EL, aquella tarde de estío bajo la enfurecida y descubierta
bóveda celeste, mientras cabalgaba apacible en su corcel azabache, disfrutando
los mágicos y unigénitos senderos
Andinos (¡Oh! ¡Que preciosidad!, este paraje parece el elíseo,
es increíble), acullá encaró un aciago y nefasto suceso que doblegó sus
cincuenteras entrañas. Al otro lado de la senda, en el quinto pino,
suspendida entre la heterogénea y policroma arboleda, atisbó una lánguida y
convexa hamaca que se mecía tímidamente entre dos enormes jacarandas en flor,
atada de cada flanco con un cándido y redondo cordel trinitario; (¡Recórcholis! ¿Quién haría esto? ¡No puede ser!, descendientes de
meretriz) su vientre contenía los
nauseabundos despojos de una pubescente fémina.

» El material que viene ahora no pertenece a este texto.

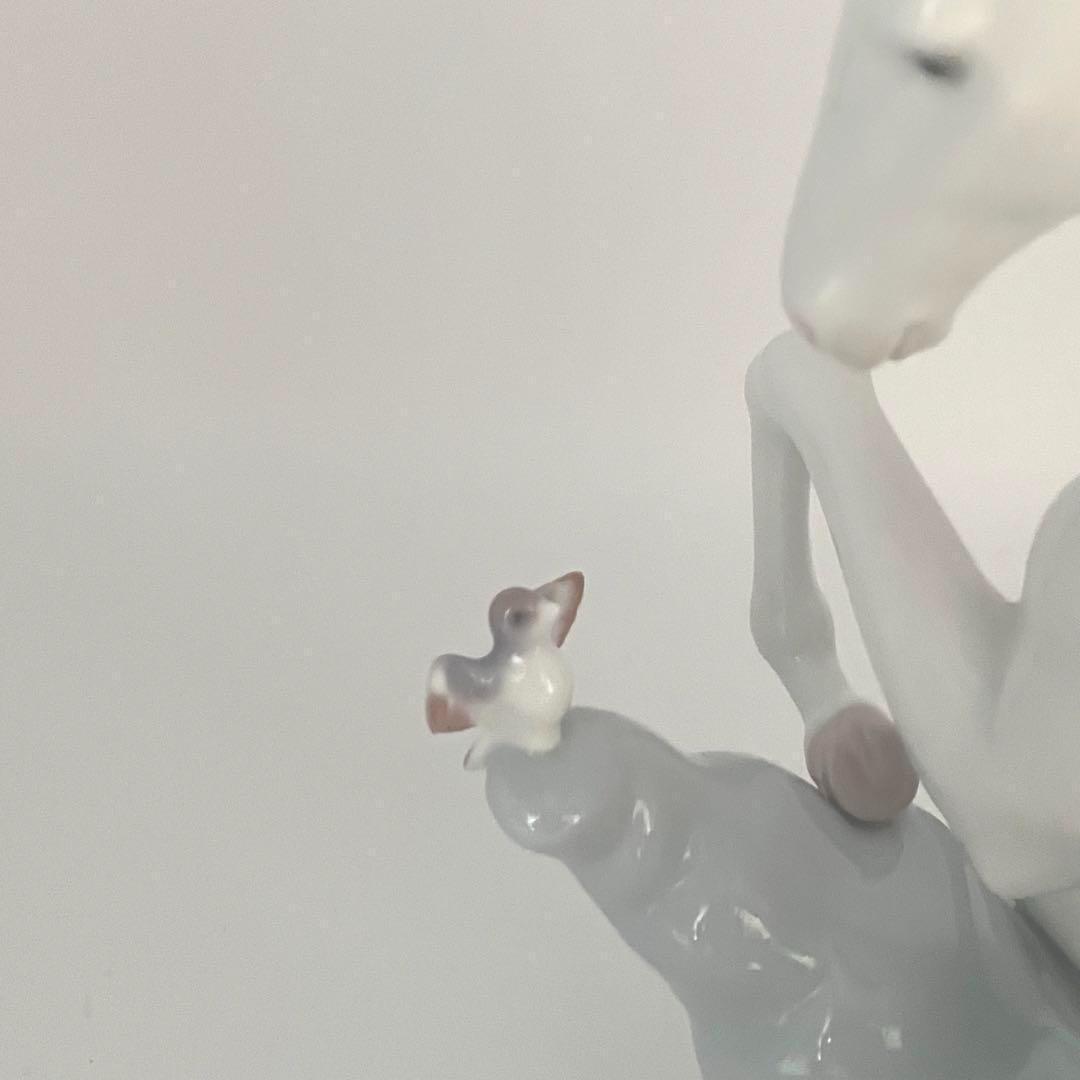 【海外限定】 リアドロ Lladro No.6242 小鳥と遊ぶペガサス 陶磁器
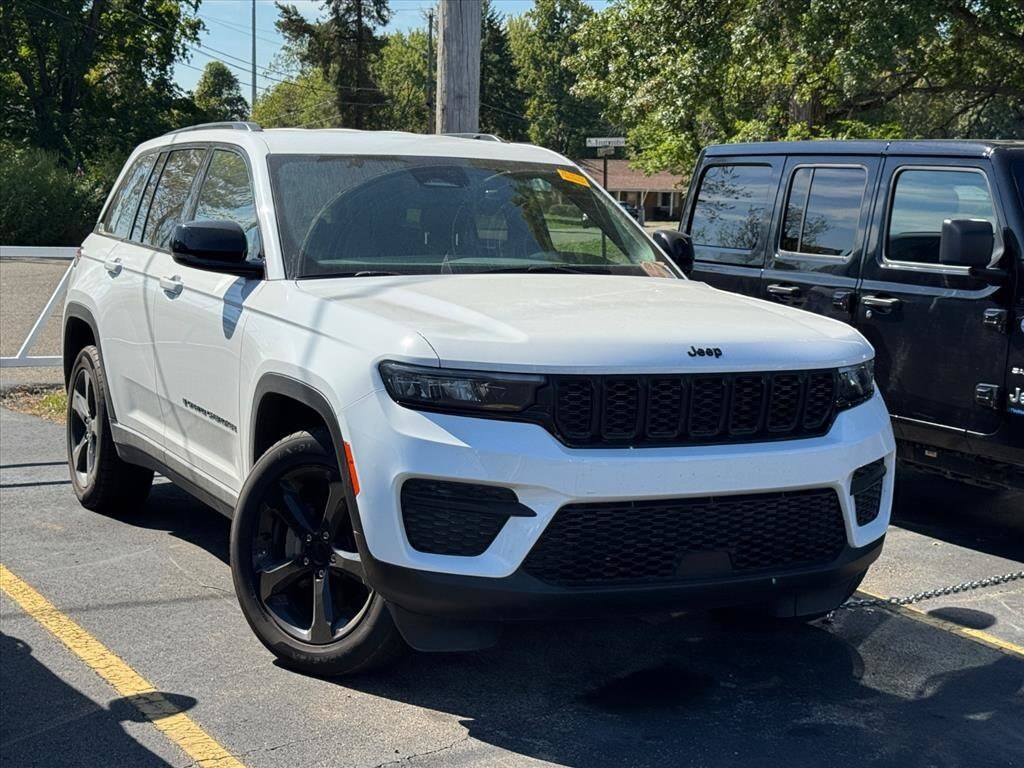 2023 Jeep Grand Cherokee Altitude X photo 3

Sus ocelos impávidos barritaban desconociendo el motivo de tal deceso, sus zancas atizaron al corpulento corcel que relinchó derribándole a la broza, el elegante y dócil equino aligeró su fino andar desapareciendo entre el enjambre vegetal. El, en medio del maremágnum y frontis al absurdo episodio, de improviso, su buzón de voz comenzó a mugir clamores suplicando amparo. Sosegadamente retomó al ya oscuro, húmedo, y silencioso sendero de reintegro a la villa para notificar a la guardia acerca del desafortunado encuentro. Su amorosa estirpe al advertir el arribo inexplicable del corcel sin su jinete, estallaron en efusión de llanto ansiando intuir su destino. Instantes después, compareció él, sórdido y extenuado por la extensa caminata para divulgar la funesta novedad.
La pubescente occisa, en su éxodo ilegitimo, había pisado tierra de esta divertida comarca durante su menstruación anterior, de tránsito hacia su amado terruño enclavado en la gran cordillera andina al norte del país contiguo. En la inhóspita población nadie se percató de su figura, salvo quien cometió el atroz fratricidio.
Aun hoy, en una ínfima y modesta barraca de madera rustica y techumbre de broza, enclavada en la imponente y exuberante espesura de la cordillera andina al norte de aquel país, una anciana yaya, zumba suplicantes oraciones para que sus pupilas riadas de cataratas puedan ver el retorno de su vástago más amado.